BEGIN Record excerpts

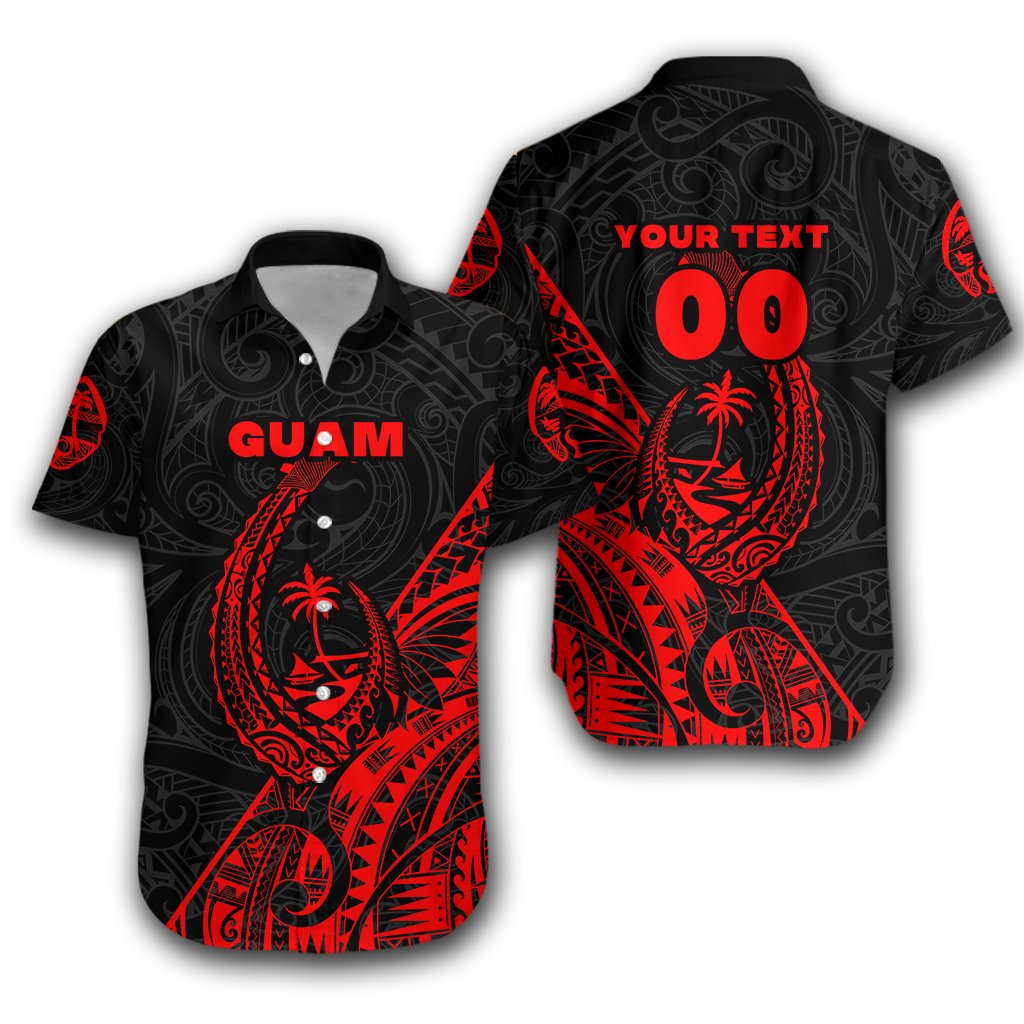(Custom Personalised) Guam Rugby Hawaiian Shirt Polynesian Patterns Style - Red LT16 - Wonder Print Shop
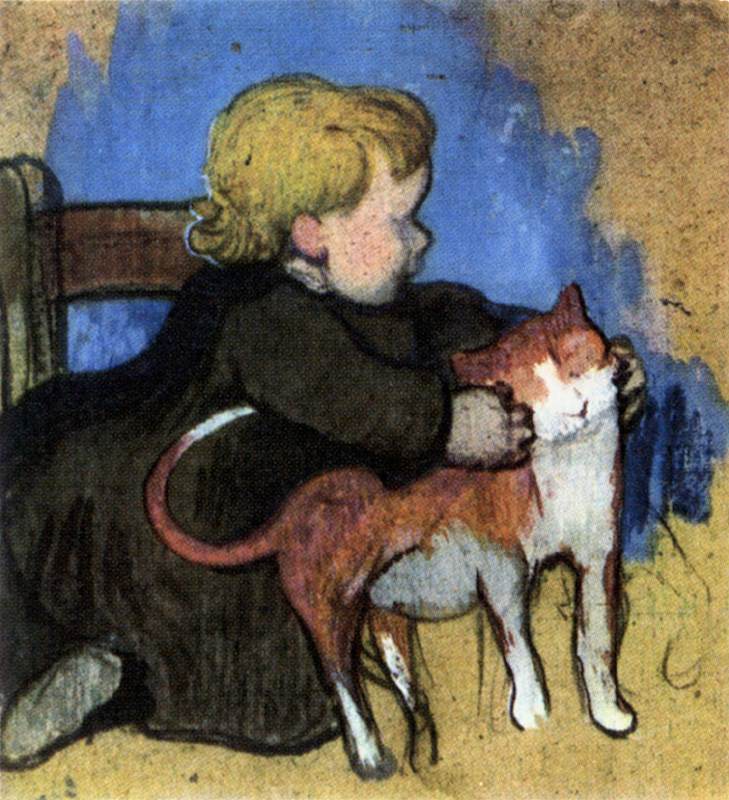 «Мими и ее кот», Поль Гоген, 1890 г.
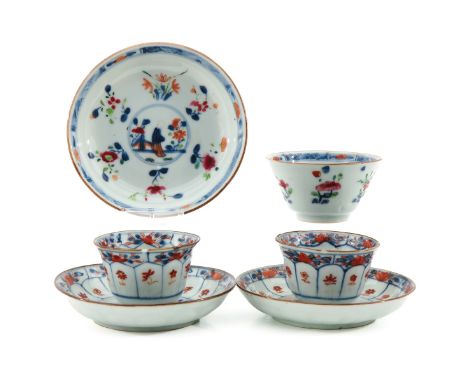 Including 3 cups and 3 saucers, largest saucer is 12 cm. in diameter, chip.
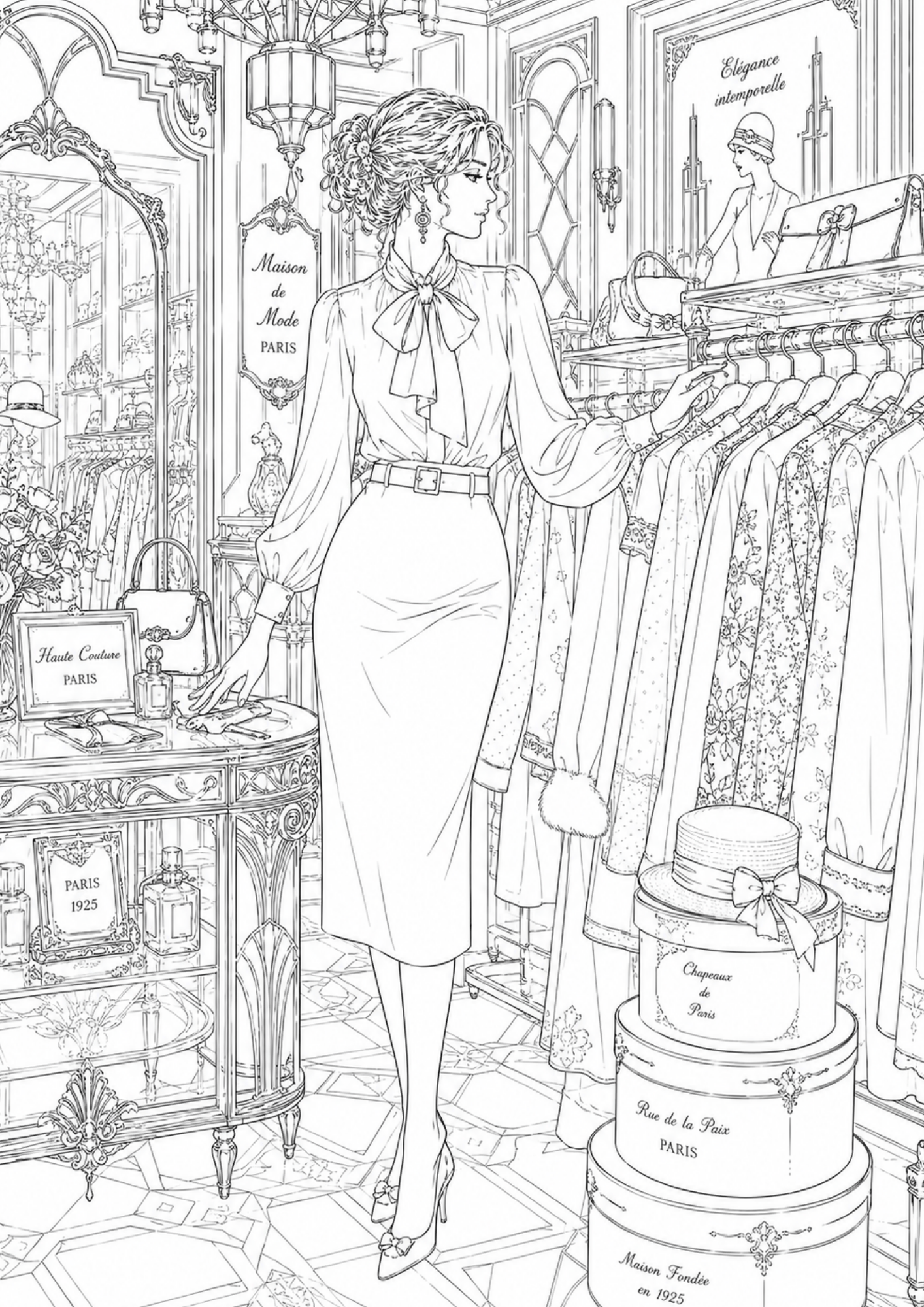 Printable coloring page of an elegant woman shopping in a Paris fashion boutique.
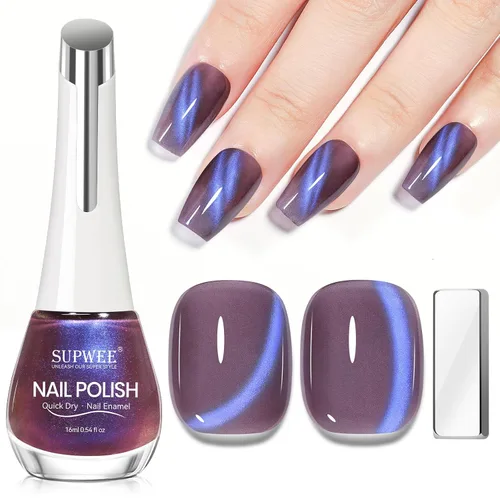 Vista 14 de Esmalte de uñas de ojo de gato con perla de sirena, secado rápido, esmalte de uñas magnético sin gel con imán, esmalte de uñas de ojo de gato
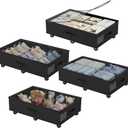 Babenest 4-Pack Under Bed Storage Organizer with Clear Zippered Lid, Foldable Rolling Underbed Drawers on 6 Wheels, Space Saving Clothes, Shoes, Toy Storage for Bedroom, Dorm, Closet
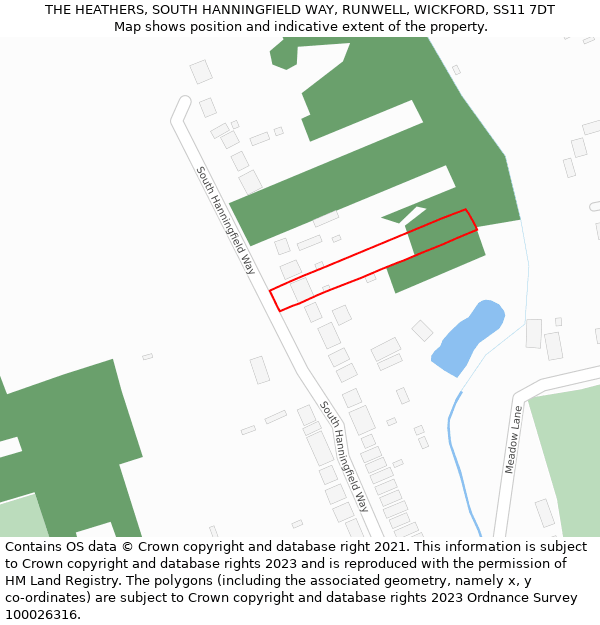 THE HEATHERS, SOUTH HANNINGFIELD WAY, RUNWELL, WICKFORD, SS11 7DT: Location map and indicative extent of plot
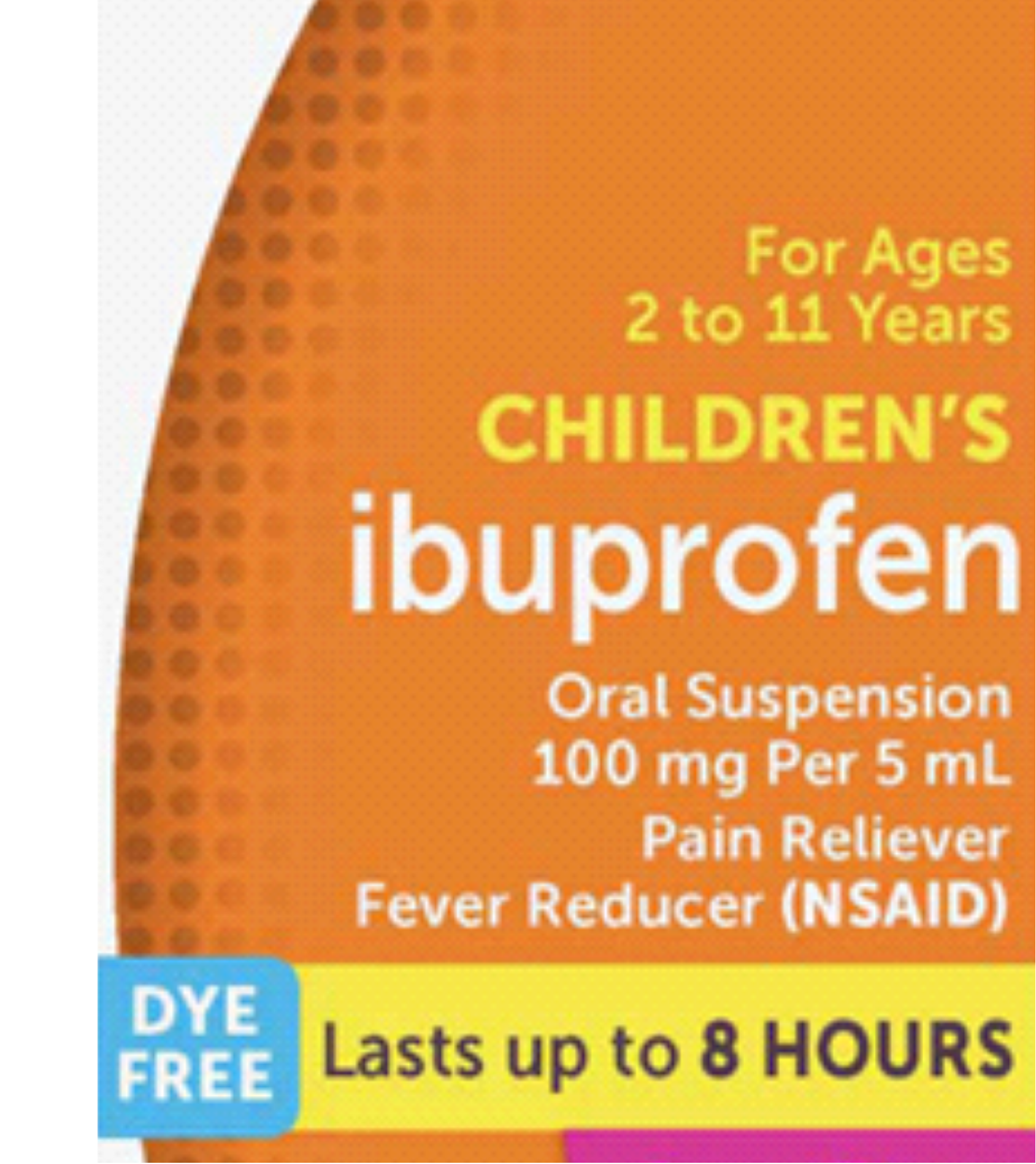 Children's Ibuprofen 8-hour relief suspension 100 mg per 5 mL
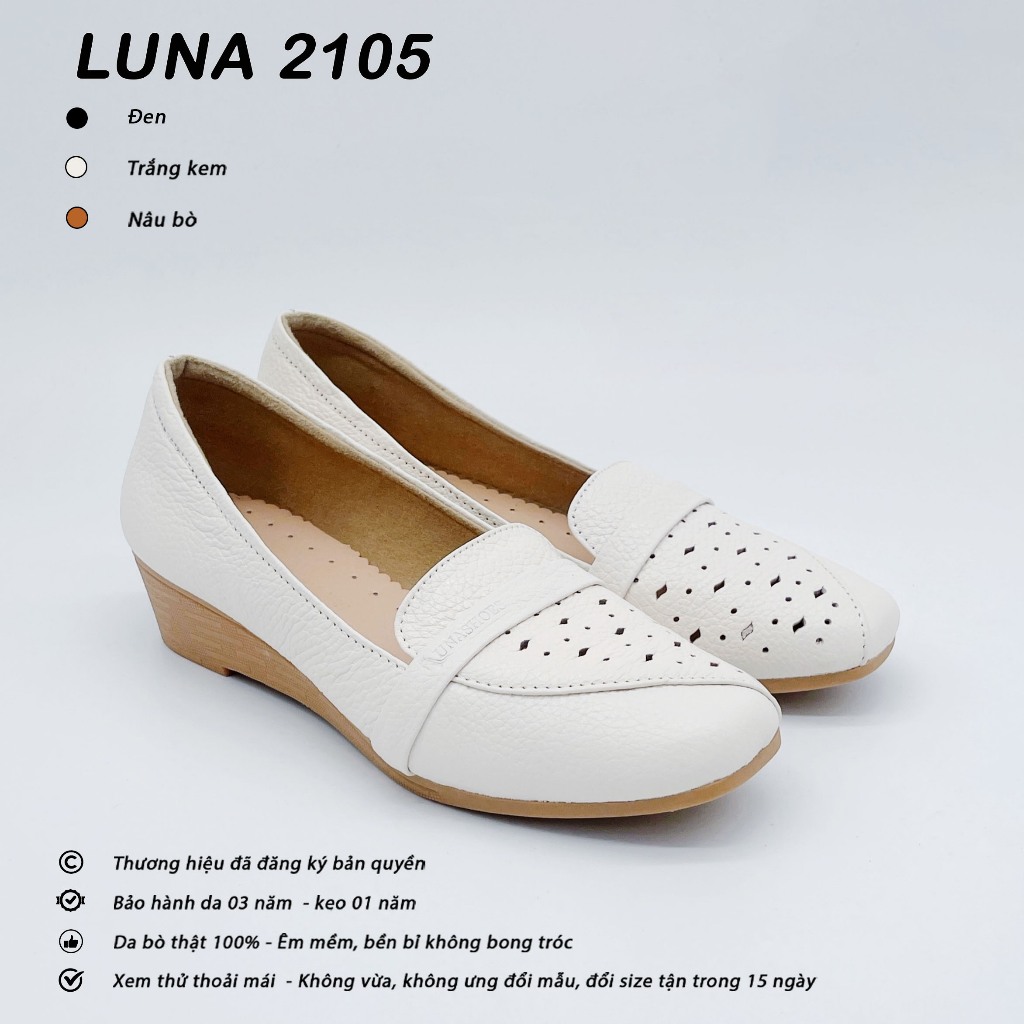 Giày đế xuồng nữ 5cm LUNASHOES 2105 da bò thật êm chân chống trơn dễ đi dễ phối đồ đi làm đi chơi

END Record excerpts

## Exercise aim
An exact copy of each entry is required, minus the pictures.

## Solution for this exercise
(Custom Personalised) Guam Rugby Hawaiian Shirt Polynesian Patterns Style - Red LT16 - Wonder Print Shop
 «Мими и ее кот», Поль Гоген, 1890 г.
 Including 3 cups and 3 saucers, largest saucer is 12 cm. in diameter, chip.
 Printable coloring page of an elegant woman shopping in a Paris fashion boutique.
 Vista 14 de Esmalte de uñas de ojo de gato con perla de sirena, secado rápido, esmalte de uñas magnético sin gel con imán, esmalte de uñas de ojo de gato
 Babenest 4-Pack Under Bed Storage Organizer with Clear Zippered Lid, Foldable Rolling Underbed Drawers on 6 Wheels, Space Saving Clothes, Shoes, Toy Storage for Bedroom, Dorm, Closet
 THE HEATHERS, SOUTH HANNINGFIELD WAY, RUNWELL, WICKFORD, SS11 7DT: Location map and indicative extent of plot
 Children's Ibuprofen 8-hour relief suspension 100 mg per 5 mL
 Giày đế xuồng nữ 5cm LUNASHOES 2105 da bò thật êm chân chống trơn dễ đi dễ phối đồ đi làm đi chơi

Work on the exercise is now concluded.